(Stored records)

--------------------------------------------------

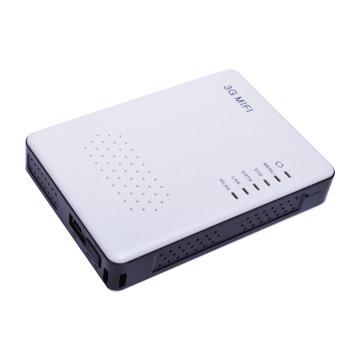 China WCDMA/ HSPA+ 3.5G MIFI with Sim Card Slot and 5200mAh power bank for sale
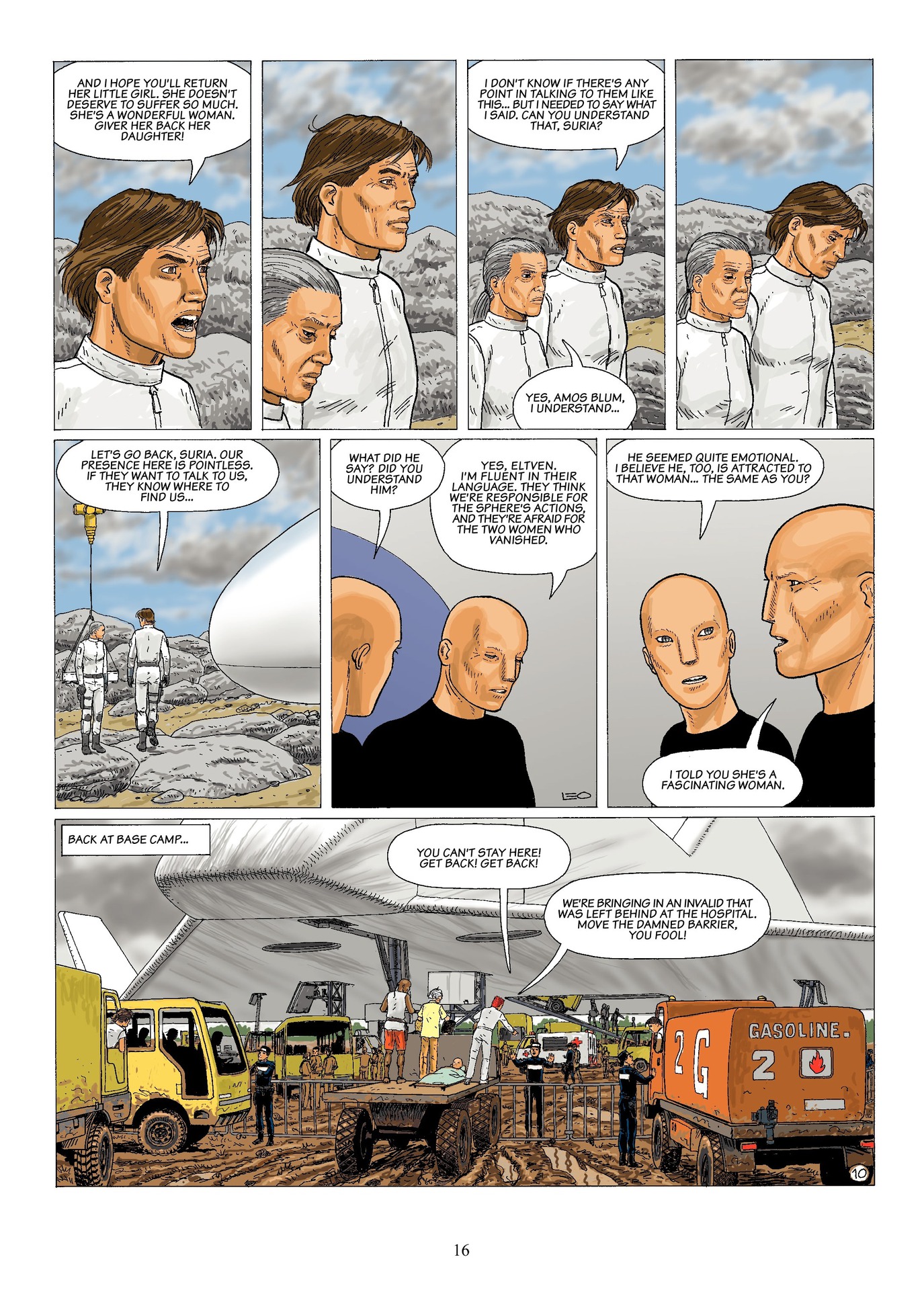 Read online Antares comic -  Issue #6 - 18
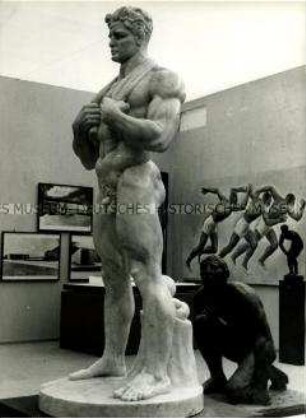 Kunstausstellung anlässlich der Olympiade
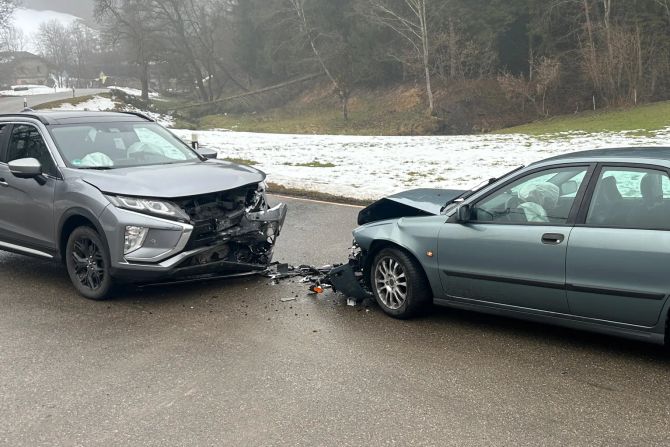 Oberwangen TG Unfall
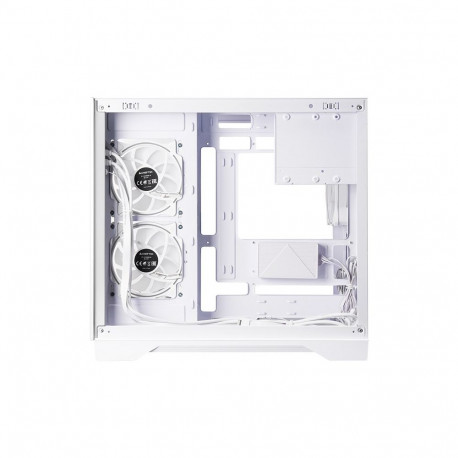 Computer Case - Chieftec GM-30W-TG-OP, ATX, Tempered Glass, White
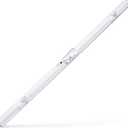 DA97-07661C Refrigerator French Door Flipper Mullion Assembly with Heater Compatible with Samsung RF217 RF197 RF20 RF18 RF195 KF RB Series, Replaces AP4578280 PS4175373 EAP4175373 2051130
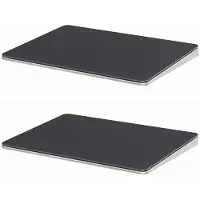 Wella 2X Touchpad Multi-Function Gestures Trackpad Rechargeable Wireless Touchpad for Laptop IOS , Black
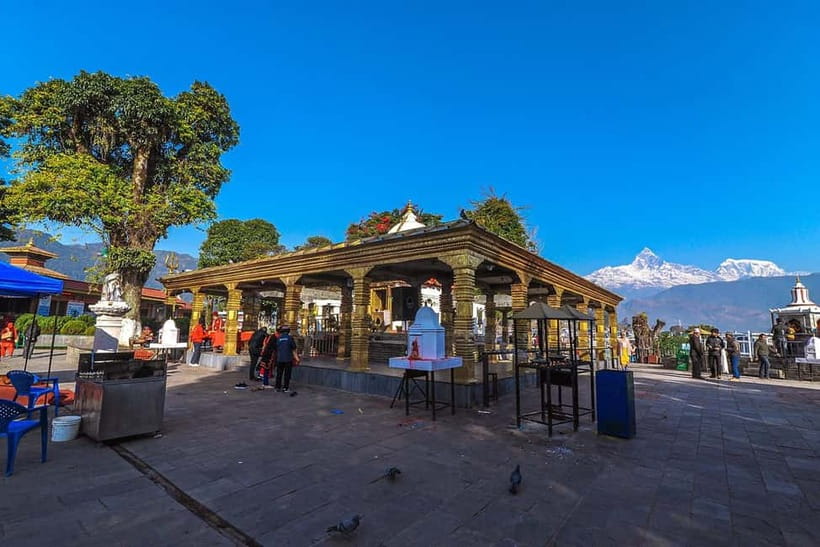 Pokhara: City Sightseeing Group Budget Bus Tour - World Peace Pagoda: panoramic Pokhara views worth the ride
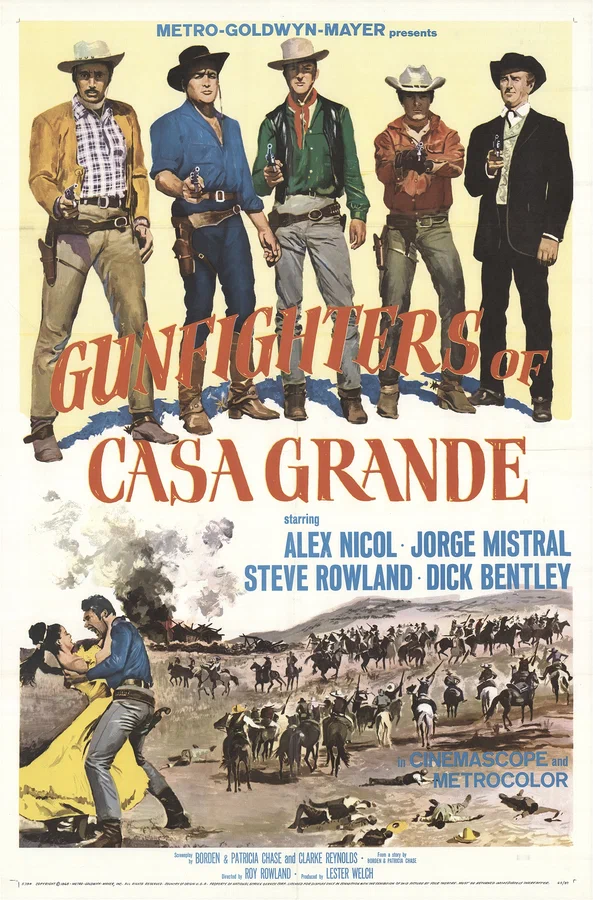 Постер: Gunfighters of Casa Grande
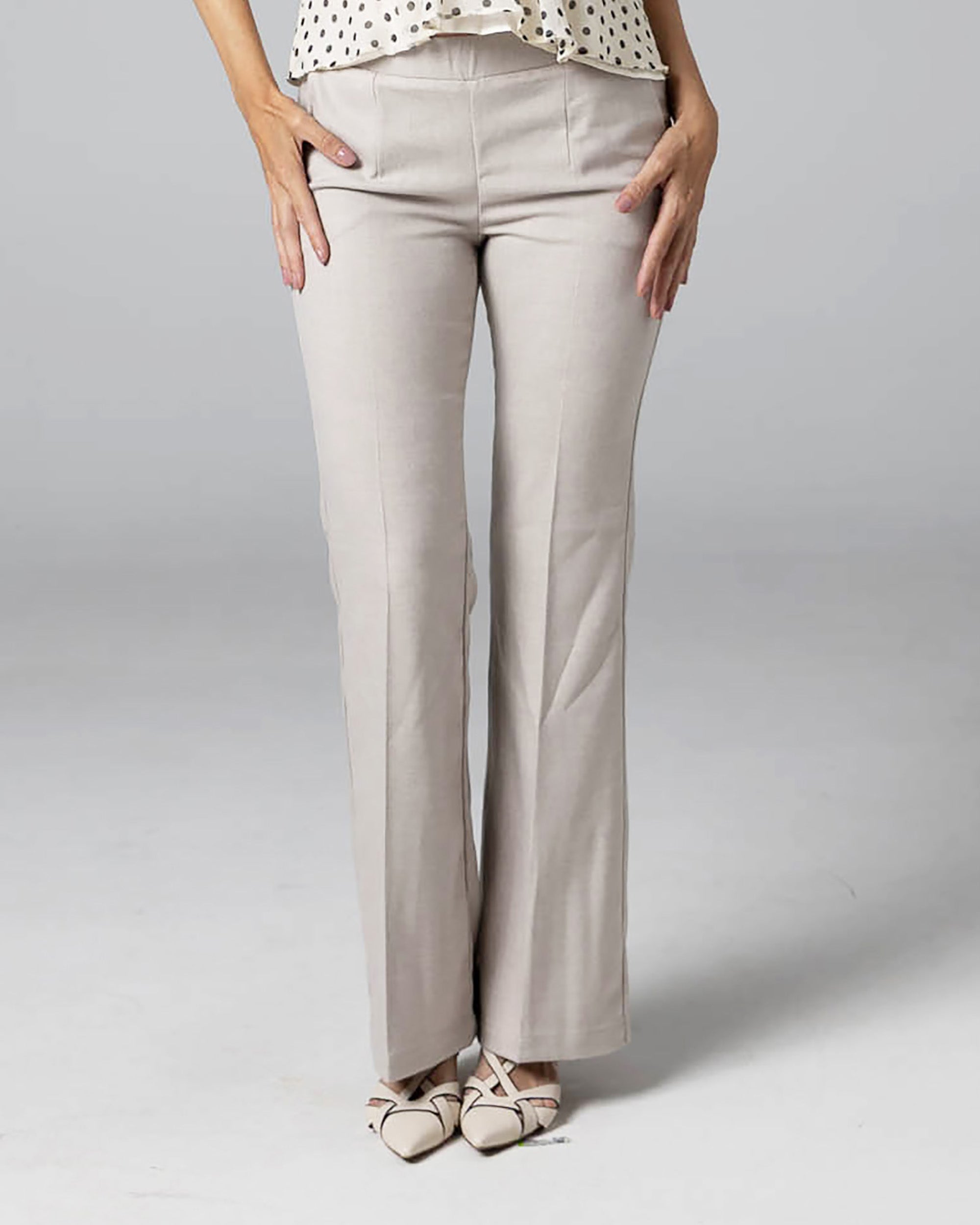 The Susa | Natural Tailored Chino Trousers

--------------------------------------------------

→ DIRECTIONS FOR THIS TASK: For this exercise, repeat word for word only the lines from the one containing "Wella 2X Touchpad" through the end of the data, including both. Pictures do not go in the copy.

→ TASK OUTPUT:
 Wella 2X Touchpad Multi-Function Gestures Trackpad Rechargeable Wireless Touchpad for Laptop IOS , Black
 Pokhara: City Sightseeing Group Budget Bus Tour - World Peace Pagoda: panoramic Pokhara views worth the ride
 Постер: Gunfighters of Casa Grande
 The Susa | Natural Tailored Chino Trousers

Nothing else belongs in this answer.